MedPAC: Medicare Advantage Overpayments Not the Right Way to Aid Low-Income Beneficiaries

July 8, 2014 at 1:41 pm

Overpaying the insurance companies that serve some Medicare beneficiaries through the Medicare Advantage (MA) program is not a targeted, effective way to help low-income beneficiaries with their out-of-pocket costs, the Medicare Payment Advisory Commission’s (MedPAC) latest report to Congress explains.

Insurers have long defended the overpayments as helping low-income beneficiaries and have claimed that repealing or scaling back health reform’s MA savings is necessary to protect such beneficiaries from benefit cuts.  But as we’ve explained, recent research shows that before health reform, insurers didn’t pass on most of the overpayments to enrollees in the form of better benefits.  And MedPAC’s report reiterates its longstanding position that higher MA “payments are not a direct or efficient way to target assistance to low-income beneficiaries.”

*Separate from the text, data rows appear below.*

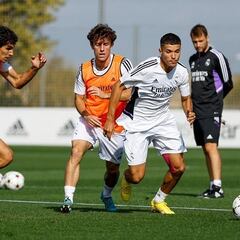 Lamine Yamal, Brahim... y Yusi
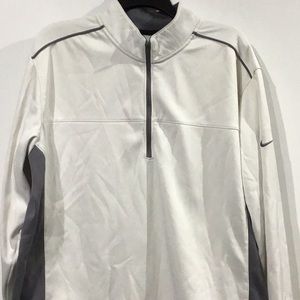 Nike golf therma-fit 1/4 zip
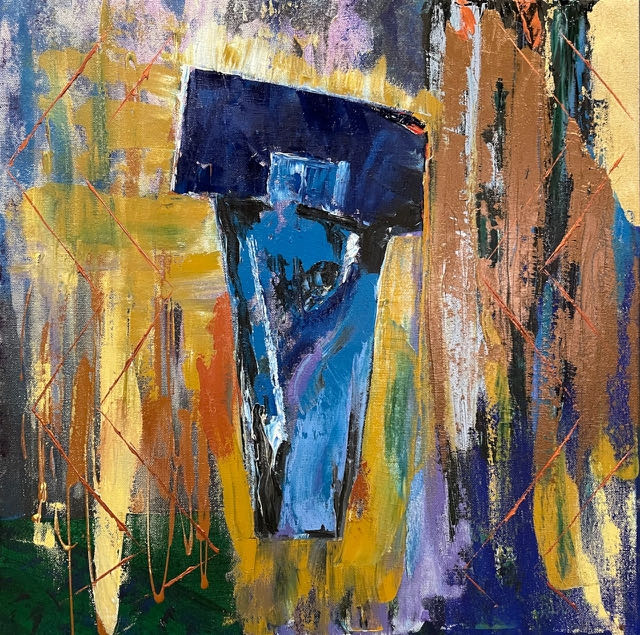 abstract painting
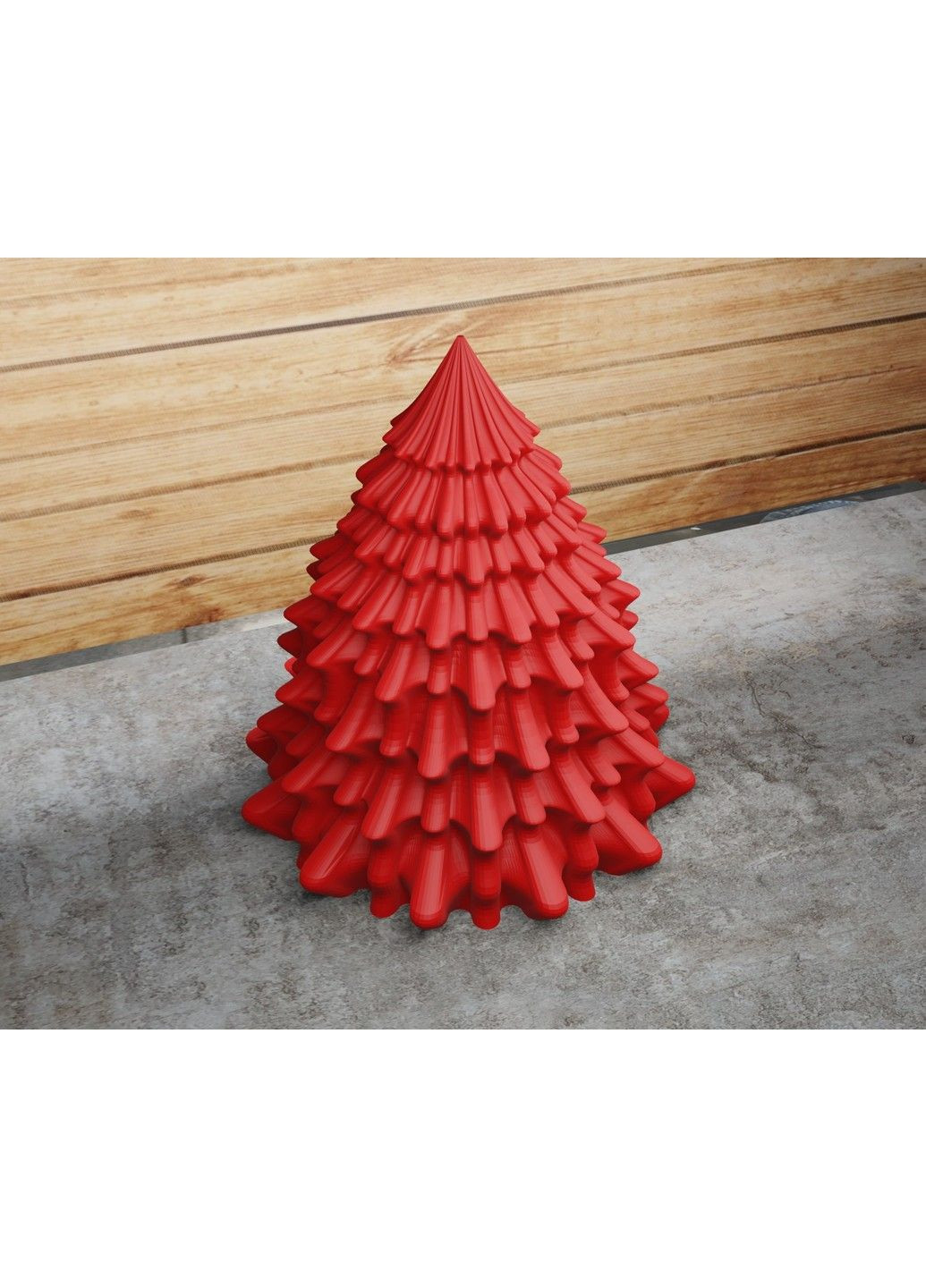 Фігурка. Ялинка "Пухнаста". ЗаСвіт (280940553)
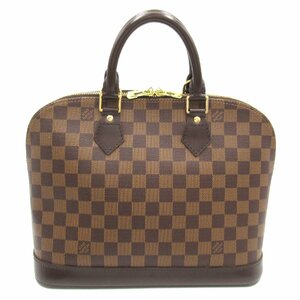 ルイ・ヴィトン アルマ ブランドオフ LOUIS VUITTON ハンドバッグ ダミエ 中古 レディース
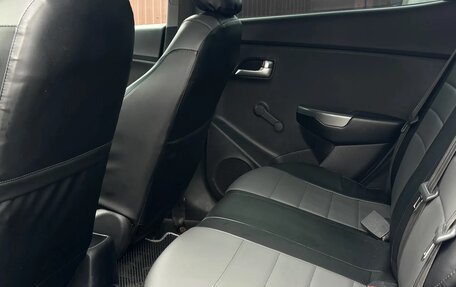 KIA Rio III рестайлинг, 2016 год, 849 777 рублей, 16 фотография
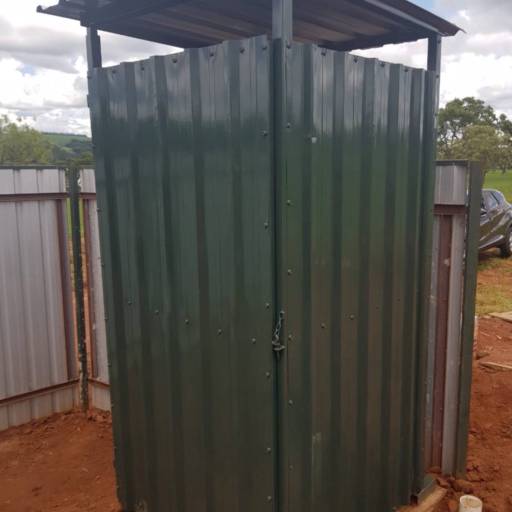 Aluguel de Sanitários para Obra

That’s because, as MedPAC puts it, “higher MA payments and extra benefits financed by those payments do not go only to low-income beneficiaries.  Rather, all enrollees in a given MA plan receive the same extra benefits, low-income or not.”  Insurers’ own data show that 59 percent of MA enrollees had incomes over $20,000 in 2011.

The Government Accountability Office similarly concluded in 2008 that “if the policy objective is to subsidize health care costs of low-income Medicare beneficiaries, it may be more efficient to directly target subsidies to a defined low-income population than to subsidize premiums and cost-sharing for all [Medicare Advantage] beneficiaries, including those who are well off.”

A direct and efficient way to help Medicare beneficiaries with limited incomes, according to MedPAC, is to expand the Medicare Savings Programs, through which Medicaid helps low-income beneficiaries cover their premiums and/or cost-sharing charges.